I’m trying to use some GStreamer plugins that don’t make use of NVMM, which is likely causing the failures I’m seeing when trying to connect them when downstream from the muxer. A capfilter isn’t going to work (I’ve tried).
I realize this might not be possible but I wanted to check.
If this isn’t possible, how have other people tackled the issue of wanting to use plain GStreamer plugins as part of a batched/muxed pipeline? Tee’ing the buffers upstream (pre-muxing) doesn’t seem like a great idea as I can’t see a way to easily correlate any of that data with the data I’d get from other processing done downstream from the muxer.
The “audio/x-raw(memory:NVMM)” buffer is the batched audio frames buffer, it can only be handled by nvinferaudio.
Do you want to use othere GStreamer plugin to process the audio as the preprocessing for inferencing? Or you just do some processing which has nothing to do with inferencing? The method will be different for different purposes.
The processing is meant to be done in parallel with inferencing, e.g. we want to run our own ruleset based on the audio on the same frame as the inferencing, and be able to correlate the two, so that, later on, we can take the results of each “path” and compare them, knowing that each part corresponds to the same frame.
You may use tee after the audio decoder or audio source, one branch for inferencing, the other branch run your own ruleset.
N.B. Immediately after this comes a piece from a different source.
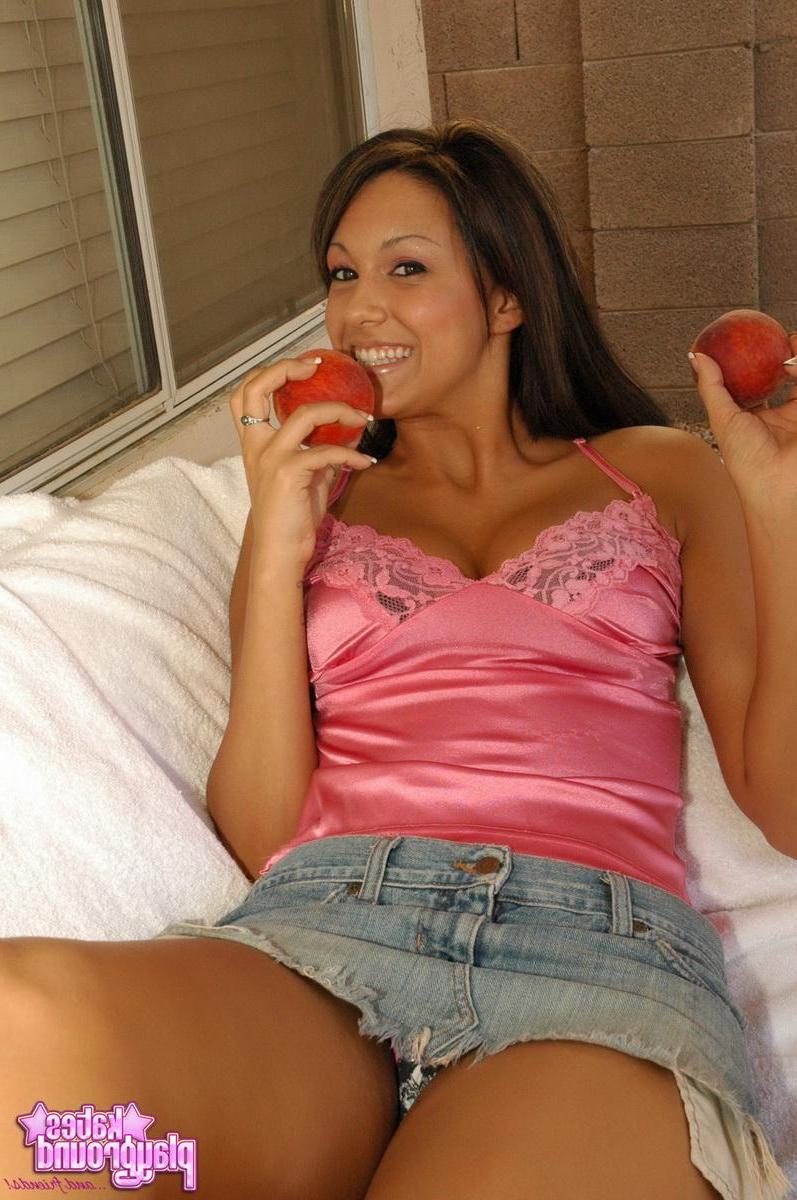 12P Rio teases with her tight round ass and a couple of juicy peaches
The audio frames can be aligned by the timestamp.
For the branch with our own ruleset, how well will that scale without a muxer (i.e. the ability to batch multiple sources)?
Will the PTS in each branch properly line up? Because I’ll be examining an NvDsAudioFrameMeta struct in the inferencing branch, and probably a native GStreamer struct.
Will the timestamps in each branch be perfectly in sync? Or is it possible they could be out by, say, a couple nanoseconds?
You need to align the PTS by yourself. The timestamp is attached on the GstBuffer, it will not be impacted whether the native GST memory or a NV memory is attached.
The app can use the timestamp to sync the operation to the audio data in GstBuffer, the timestamp is reliable. audio buffer
By “scale” I mean adding multiple (dozens, hundreds, etc.) of concurrent audio streams. Would that mean that I have to attach a tee to each audio source, with one branch going to an instance of the custom ruleset and the other branch being directed to the muxer?
And thank you for your response concerning the PTS.
One last question: Are there any plans to develop an “audio convert” version of Gst-nvvideoconvert? In other words, being able to convert from some NVMM-based audio (batched) buffer to a RAW (batched) audio buffer. I’m just curious.